The move confirmed last night by a US diplomat in Jerusalem effectively means that Washington has abandoned its almost two-year-old tactic of trying to freeze settlement building as a means of bringing the two sides together in direct talks.

Since the first moratorium ended in late September, the moderate Palestinian leadership under President Mahmoud Abbas has insisted that a fresh moratorium would be necessary if direct talks with Israel were to restart.

A US diplomat was quoted last night by Reuters as saying that Washington would no longer seek a settlement freeze and was "ending the contacts to try and achieve another moratorium". As another Western official confirmed the end of such efforts, the diplomat said: "This is not the time to renew direct negotiation by renewing the [settlements] moratorium."

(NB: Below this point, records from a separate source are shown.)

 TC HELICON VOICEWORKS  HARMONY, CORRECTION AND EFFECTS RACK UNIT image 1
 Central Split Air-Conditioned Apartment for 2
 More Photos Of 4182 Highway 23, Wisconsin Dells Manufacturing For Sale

The diplomat insisted that the US would "try to forge another way to renew peace talks", and would seek to work for a deal between the two sides on the issue of borders and security. But it was far from clear last night what other confidence-building measures could be devised to entice a sceptical Palestinian leadership back into direct talks. A return to the shuttle diplomacy which preceded the brief period of direct talks earlier this year, was one possibility.

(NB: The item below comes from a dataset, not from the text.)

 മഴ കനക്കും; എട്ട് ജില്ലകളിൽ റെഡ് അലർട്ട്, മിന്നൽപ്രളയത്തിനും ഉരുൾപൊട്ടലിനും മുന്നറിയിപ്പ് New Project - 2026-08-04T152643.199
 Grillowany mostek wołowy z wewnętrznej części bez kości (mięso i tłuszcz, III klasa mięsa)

Palestinian officials had no immediate comment but it appeared likelier than ever that some leading officials in Ramallah would turn their minds to the possibility of securing a UN Security Council declaration recognising an independent Palestinian state on 1967 borders.

The US, which has so far shown no public enthusiasm for such a course, would come under heavy pressure from Israel to veto such a declaration. Israeli insists that only direct talks can produce a solution to the conflict.

One of the major sticking points between the US and Israel is thought to have been the question of what would have happened once the proposed 90-day partial freeze was over, especially if only limited headway had been made in the substantive talks by then. Israeli was understood to have insisted that there would be no further repetition or extension of the freeze.

The US had offered Israel a number of incentives to extend the freeze and get back into meaningful direct talks, including a multibillion-dollar pledge to deliver advanced Lockheed Martin F-35 Lightning fighter aircraft to Israel. There have been differing interpretations as to whether the pledge was in return for the freeze itself or for a final peace deal.

President Abbas suggested in a television interview on Friday that he would dissolve the Palestinian Authority if a deal for statehood could not be achieved. Such a step would shift the responsibility for public services in the occupied West Bank back to Israel, but it is unclear whether such a dramatic course – involving the loss of tens of thousands of public sector Palestinian jobs – is regarded as a realistic option by Mr Abbas and his colleagues.